My father went to Petsmart and bought me

*A snail
* 5 corys= 3 albinos and 2 grey with dark spots
*3 long fin danio
*2 neon tetras
*5 zebra danios
*1 java fern
*1 Vallisneria 

I had told him to get me 8 zebra danios but I forgot about what type of cory. I might just add more neons and long fin. Should I?


----------



## Guest (Aug 14, 2007)

I would definitely add more Neons. The 2 types of Danios should school with each other (if they look similar, besides the fins). I'd add more cories too....maybe 2 more Albinos and 3 more Spotted.

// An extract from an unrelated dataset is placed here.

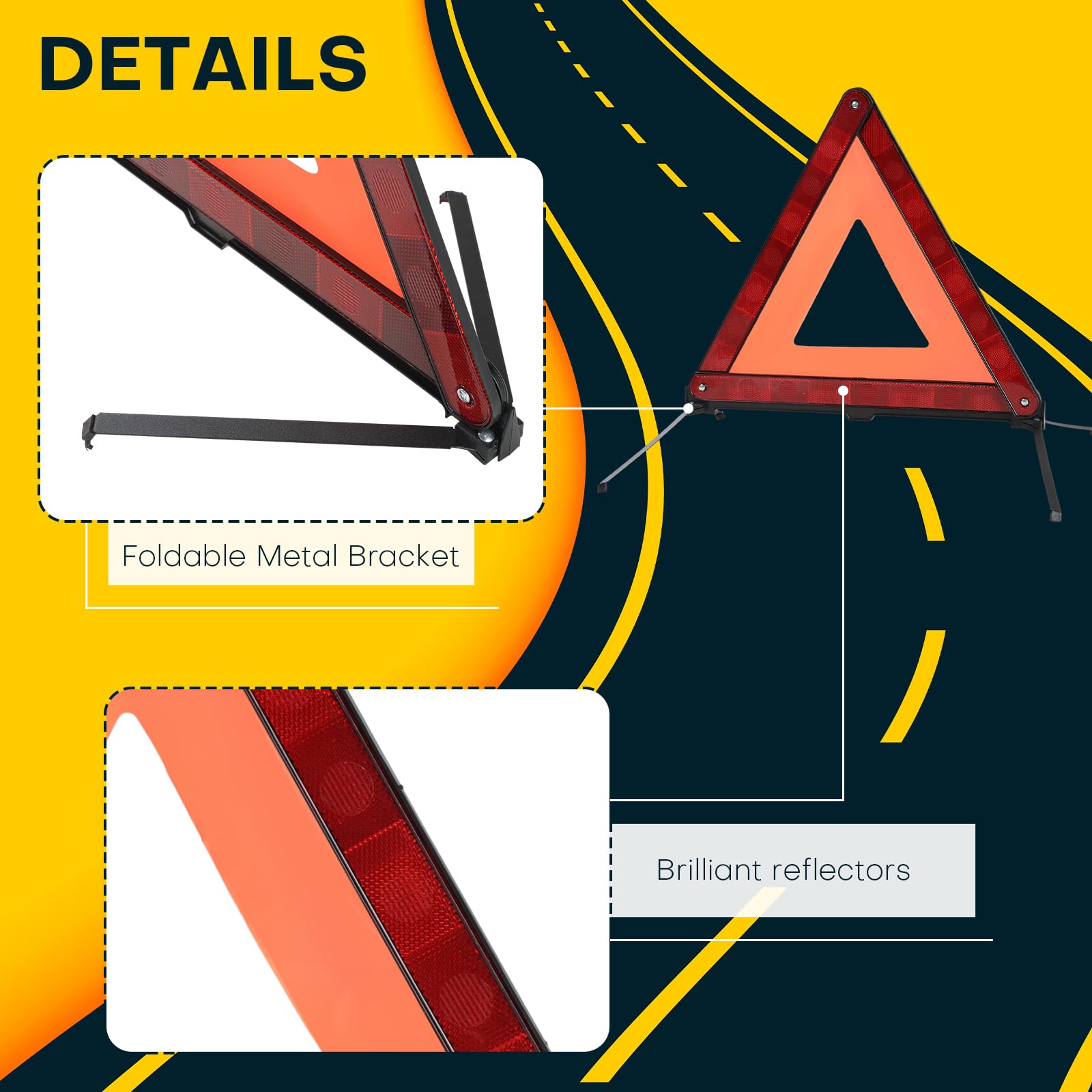 Acymner Reflective Safety Triangle Kit | Emergency Warning Triangles with Storage Case Roadside Reflective Early Warning Sign fo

They'll appreciate more of each type.

You may want to wait a week before adding more fish though. Let the biofilter catch up with the new additions....that way you won't risk a mini-cycle from all the additional ammonia.


----------



## Sowilu (Jul 16, 2007)

Not to worry JutOneMore20 I will be adding them by next week hopefully or the week after that. I don't want to add them so quickly I my self have to get adjusted to the "crowd", lol. I will be ordering more plants and my test kit tomorrow as petsmart didn't have that and my test strips don't work. 

One more question: Do I take the weight off the vallisneria or do I just put it under the sand and take it off or leave it on?


----------



## Guest (Aug 14, 2007)

I would take it off. I don't think it would hurt to leave it on, but I'm just afraid they might eventually rust or something.  

Did it come with more than one plant bunched together? If so, I'd separate them out and plant in a group.


----------



## Sowilu (Jul 16, 2007)

No it was only the one vallisneria. I hope I can get more in a few days. Also have to get the money to change the bulb. So many things not enough money.....well I could always ask Dad  lol.


----------



## Guest (Aug 14, 2007)

> So many things not enough money


I understand that.  

Make sure you tie the Java Fern onto something like wood or a decoration or a rock. It shouldn't be buried in the sand....you may know this already, so if you do, just ignore me.


----------



## Sowilu (Jul 16, 2007)

No problem I don't mind reading things over and over makes me not forget things! I tie it with fish line correct?


----------



## Guest (Aug 14, 2007)

Fishing line will work.


----------



## Sowilu (Jul 16, 2007)

Thanks again JMO20 you are so helpfull!


----------